*Task directions*:
Retype all the entries word for word, but omit the pictures.
*** Opening of Available data ***
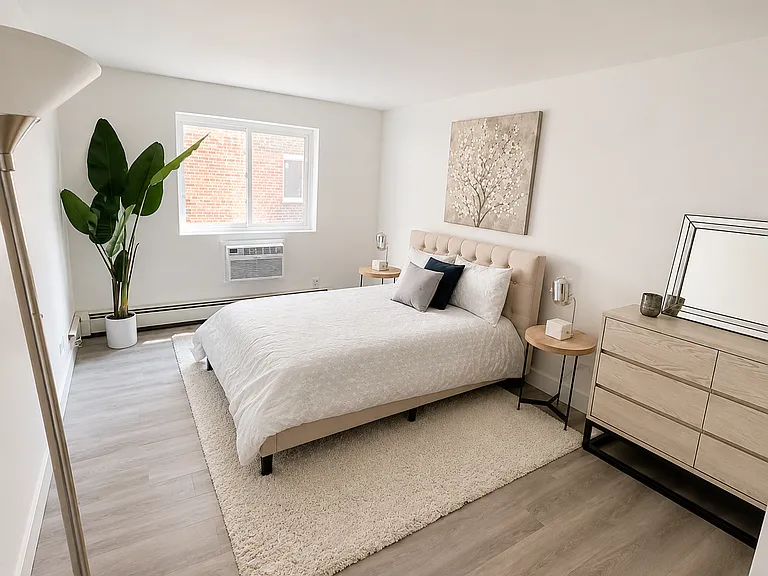 7200 N Claremont Ave #300 — Photo 8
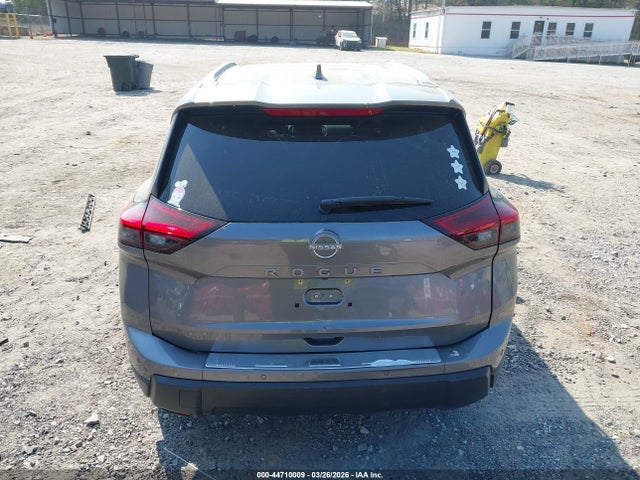 JN8BT3BA6SW012181 Nissan Rogue Sv Fwd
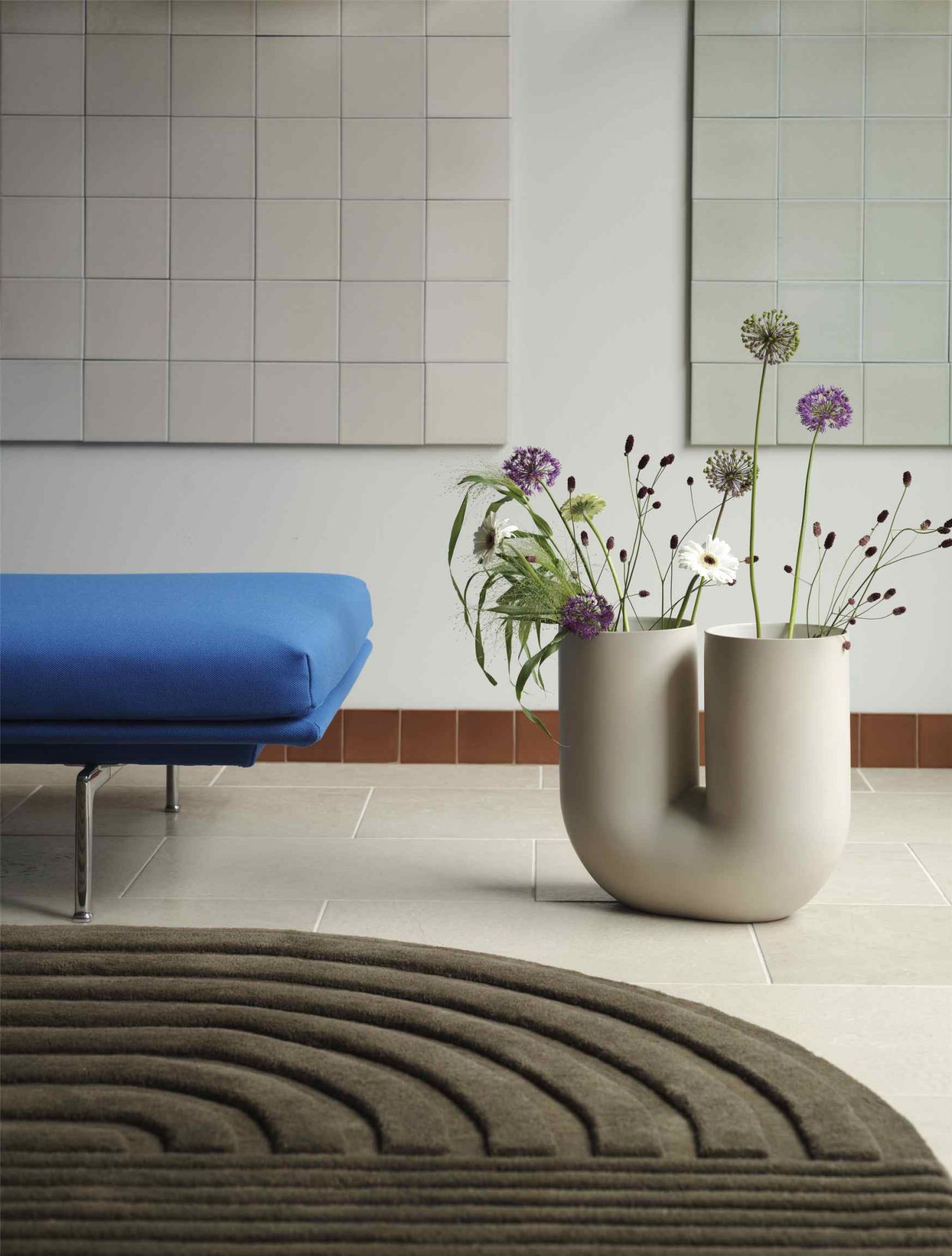 Kink Vase Sand H 39 cm Muuto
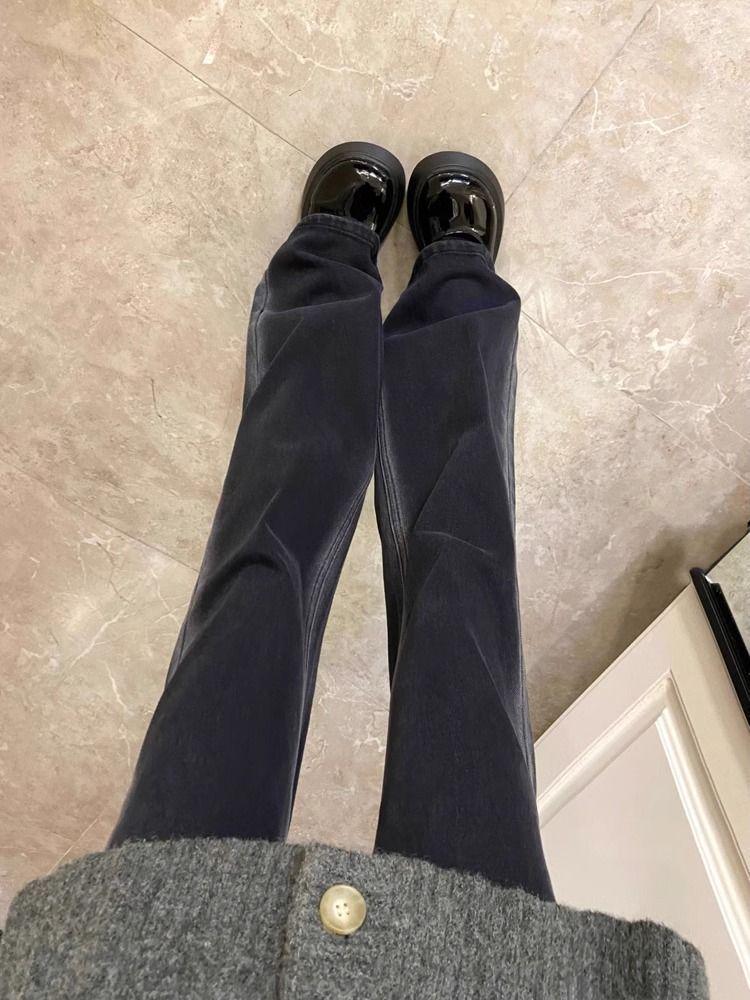 Women's Spring 2026 Retro Black Wide-Leg Micro-Flare Denim Pants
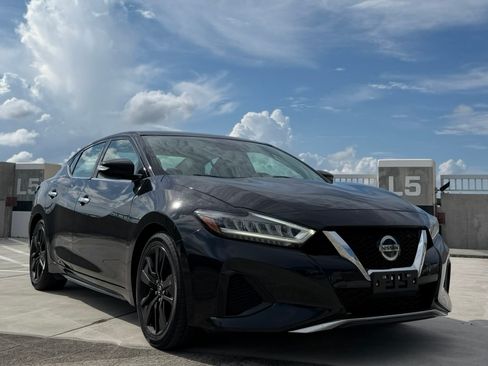 Used 2021 Nissan Maxima 3.5 SV w/ Floor Mat Group FWD image 2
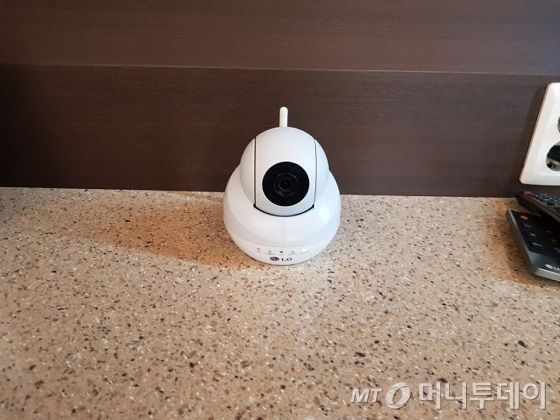 LG유플러스 '홈CCTV 맘카' 모습. 맘카를 통해 외출 중에도 집안 내부를 살펴볼 수 있다. /사진=김세관 기자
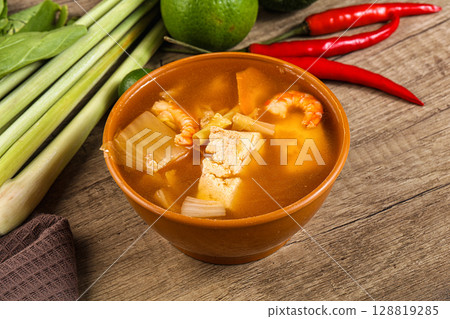 Korean kimchi soup with seafood 128819285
*** Close of Available data ***
*Answer to the exercise*:
 7200 N Claremont Ave #300 — Photo 8
 JN8BT3BA6SW012181 Nissan Rogue Sv Fwd
 Kink Vase Sand H 39 cm Muuto
 Women's Spring 2026 Retro Black Wide-Leg Micro-Flare Denim Pants
 Used 2021 Nissan Maxima 3.5 SV w/ Floor Mat Group FWD image 2
 LG유플러스 '홈CCTV 맘카' 모습. 맘카를 통해 외출 중에도 집안 내부를 살펴볼 수 있다. /사진=김세관 기자
 Korean kimchi soup with seafood 128819285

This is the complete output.